La Central Obrera Boliviana (COB) aún no definió si participará en la mesa de diálogo convocada por el Gobierno nacional, que mantiene abierta la invitación para instalar conversaciones en la Casa Grande del Pueblo. La incertidumbre se produce en medio de las tensiones sociales y los bloqueos que afectan a distintas regiones del país.

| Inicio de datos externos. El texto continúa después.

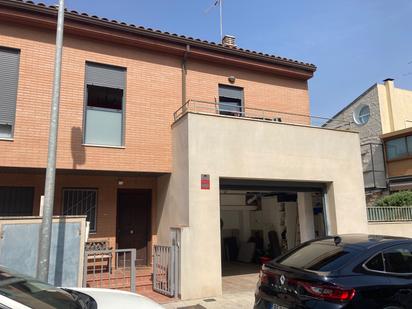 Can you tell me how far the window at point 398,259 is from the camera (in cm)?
526

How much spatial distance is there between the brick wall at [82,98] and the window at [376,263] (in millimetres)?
6863

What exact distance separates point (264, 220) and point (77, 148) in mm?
9449

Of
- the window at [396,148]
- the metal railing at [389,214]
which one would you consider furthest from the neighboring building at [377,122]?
the metal railing at [389,214]

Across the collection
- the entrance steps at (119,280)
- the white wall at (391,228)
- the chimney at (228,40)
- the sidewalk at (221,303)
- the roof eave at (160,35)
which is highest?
the chimney at (228,40)

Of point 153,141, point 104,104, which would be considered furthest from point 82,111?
point 153,141

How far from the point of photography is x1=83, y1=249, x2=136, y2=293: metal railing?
8.79 m

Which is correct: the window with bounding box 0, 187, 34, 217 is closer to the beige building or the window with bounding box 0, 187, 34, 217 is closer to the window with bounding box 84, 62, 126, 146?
the window with bounding box 84, 62, 126, 146

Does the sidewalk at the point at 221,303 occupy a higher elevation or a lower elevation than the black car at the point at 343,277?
lower

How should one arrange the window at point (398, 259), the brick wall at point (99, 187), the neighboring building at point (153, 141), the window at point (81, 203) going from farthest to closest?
1. the window at point (81, 203)
2. the brick wall at point (99, 187)
3. the neighboring building at point (153, 141)
4. the window at point (398, 259)

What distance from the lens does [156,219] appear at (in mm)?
11898

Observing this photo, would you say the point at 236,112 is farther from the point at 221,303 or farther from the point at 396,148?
the point at 396,148

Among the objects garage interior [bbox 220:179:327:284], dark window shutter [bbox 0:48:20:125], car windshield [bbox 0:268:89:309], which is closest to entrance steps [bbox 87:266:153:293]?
garage interior [bbox 220:179:327:284]

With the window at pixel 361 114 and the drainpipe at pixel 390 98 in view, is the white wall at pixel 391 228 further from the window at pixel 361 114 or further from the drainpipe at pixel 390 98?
the window at pixel 361 114

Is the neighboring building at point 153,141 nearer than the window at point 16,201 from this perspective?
Yes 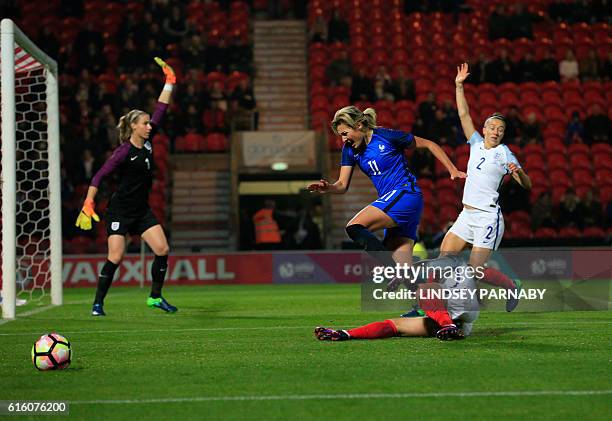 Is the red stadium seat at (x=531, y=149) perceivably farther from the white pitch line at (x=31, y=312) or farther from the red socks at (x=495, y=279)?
the white pitch line at (x=31, y=312)

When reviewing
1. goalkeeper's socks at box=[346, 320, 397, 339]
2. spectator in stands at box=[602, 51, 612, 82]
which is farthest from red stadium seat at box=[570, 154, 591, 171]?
goalkeeper's socks at box=[346, 320, 397, 339]

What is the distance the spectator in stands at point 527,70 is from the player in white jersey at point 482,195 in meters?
14.0

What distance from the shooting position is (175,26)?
23719 millimetres

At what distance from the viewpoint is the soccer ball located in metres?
5.82

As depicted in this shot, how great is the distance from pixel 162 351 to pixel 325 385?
2.07 metres

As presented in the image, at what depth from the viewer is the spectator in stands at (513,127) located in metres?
20.4

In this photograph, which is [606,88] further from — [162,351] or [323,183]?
[162,351]

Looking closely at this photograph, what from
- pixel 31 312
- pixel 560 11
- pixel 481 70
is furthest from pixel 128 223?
pixel 560 11

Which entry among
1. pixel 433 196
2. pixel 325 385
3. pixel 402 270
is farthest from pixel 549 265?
pixel 325 385

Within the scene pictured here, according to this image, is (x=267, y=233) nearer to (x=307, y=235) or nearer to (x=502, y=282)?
(x=307, y=235)

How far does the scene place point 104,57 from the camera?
22.7 m

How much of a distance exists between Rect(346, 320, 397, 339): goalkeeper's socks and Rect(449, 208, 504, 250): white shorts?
2016 mm

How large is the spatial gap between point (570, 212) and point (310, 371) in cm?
1406

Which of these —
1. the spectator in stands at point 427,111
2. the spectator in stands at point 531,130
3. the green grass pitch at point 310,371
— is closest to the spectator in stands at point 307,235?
the spectator in stands at point 427,111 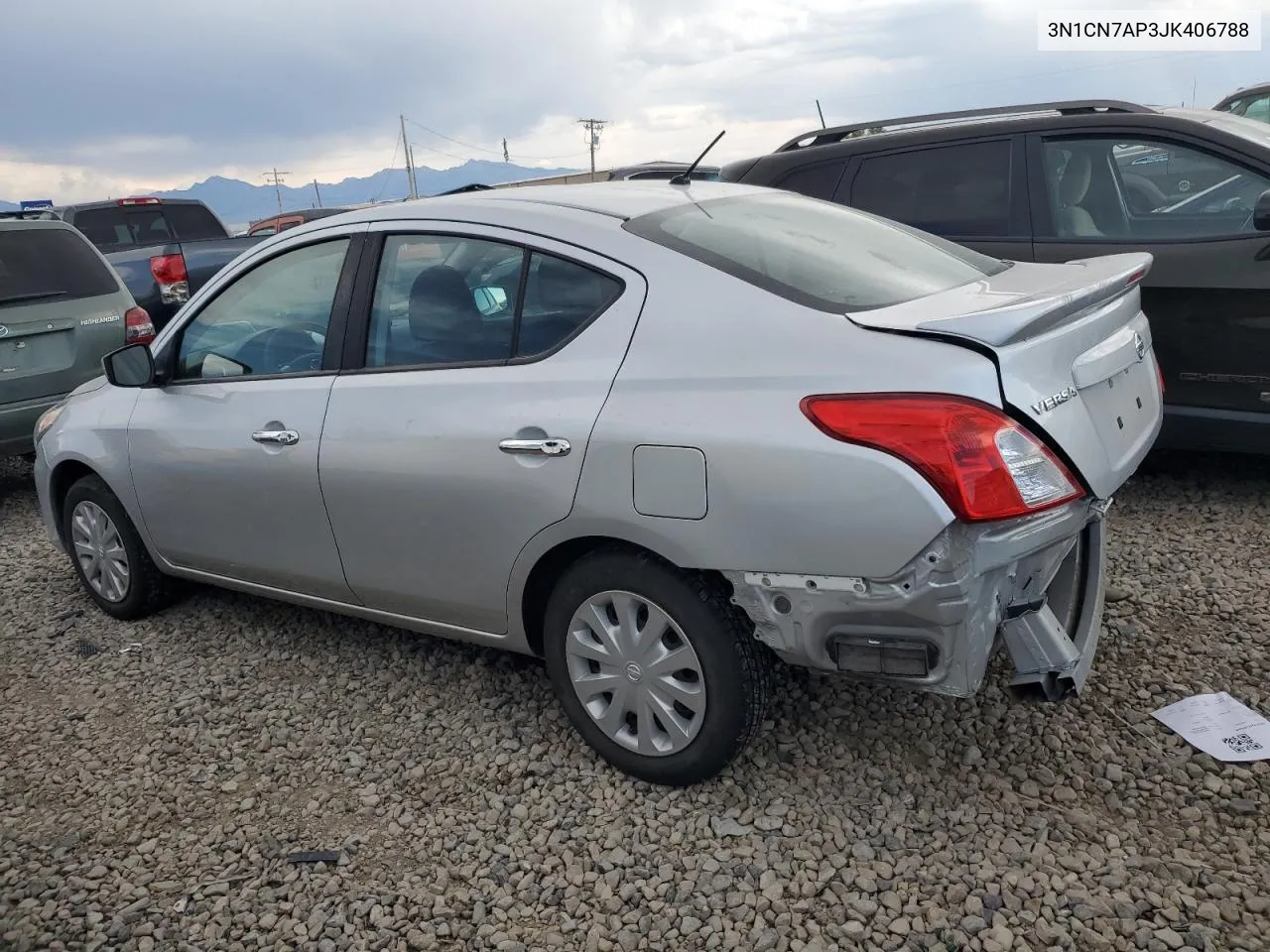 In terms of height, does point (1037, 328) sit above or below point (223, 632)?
above

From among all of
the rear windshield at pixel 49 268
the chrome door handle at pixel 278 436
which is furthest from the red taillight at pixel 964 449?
the rear windshield at pixel 49 268

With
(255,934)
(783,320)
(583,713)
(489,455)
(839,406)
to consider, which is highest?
(783,320)

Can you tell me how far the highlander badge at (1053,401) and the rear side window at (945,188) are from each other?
2767 millimetres

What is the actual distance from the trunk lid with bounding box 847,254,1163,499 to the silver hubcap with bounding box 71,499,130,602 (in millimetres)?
3384

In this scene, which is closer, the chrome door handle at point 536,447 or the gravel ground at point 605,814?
the gravel ground at point 605,814

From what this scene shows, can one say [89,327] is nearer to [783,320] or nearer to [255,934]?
[255,934]

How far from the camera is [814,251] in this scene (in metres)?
2.92

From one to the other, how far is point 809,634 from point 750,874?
0.63m

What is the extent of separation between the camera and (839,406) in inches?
90.9

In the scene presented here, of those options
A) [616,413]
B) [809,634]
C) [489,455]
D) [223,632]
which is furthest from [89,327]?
[809,634]

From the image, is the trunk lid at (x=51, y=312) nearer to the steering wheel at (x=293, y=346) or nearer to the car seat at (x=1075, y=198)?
the steering wheel at (x=293, y=346)

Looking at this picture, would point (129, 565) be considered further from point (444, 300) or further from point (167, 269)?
point (167, 269)

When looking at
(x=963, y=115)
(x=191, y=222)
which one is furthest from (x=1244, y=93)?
(x=191, y=222)

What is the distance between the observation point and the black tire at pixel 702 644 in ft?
8.46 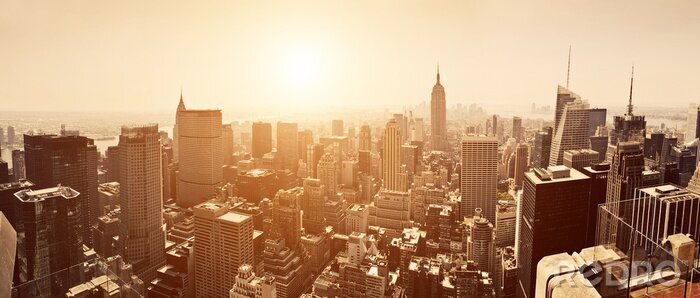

El Gobierno convocó formalmente a la dirigencia de la Central Obrera Boliviana a una reunión de diálogo con el objetivo de abordar las demandas planteadas por el sector y buscar una salida al conflicto que mantiene movilizaciones y cortes de rutas en varios departamentos del país. La cita fue fijada en la Casa Grande del Pueblo, donde las autoridades aguardaban una respuesta oficial de la organización sindical.
Sin embargo, hasta el momento de la convocatoria, la COB no había confirmado su asistencia ni rechazado de manera definitiva el encuentro. La dirigencia optó por evaluar la propuesta en instancias internas antes de asumir una posición institucional, prolongando así la expectativa sobre el desarrollo de las negociaciones.
La situación ocurre en un contexto marcado por protestas, bloqueos y una creciente presión de diversos sectores sociales. Mientras el Ejecutivo insiste en la necesidad de alcanzar acuerdos mediante el diálogo, organizaciones afines a las movilizaciones mantienen sus demandas y exigen respuestas concretas a los problemas económicos y sociales que afectan a la población.
Desde el Gobierno se reiteró que la vía de la negociación continúa abierta y que el propósito es encontrar soluciones pacíficas a la crisis. Por su parte, dentro de la COB persisten distintas posturas respecto a la conveniencia de participar en conversaciones sin que previamente se atiendan algunas de sus exigencias centrales.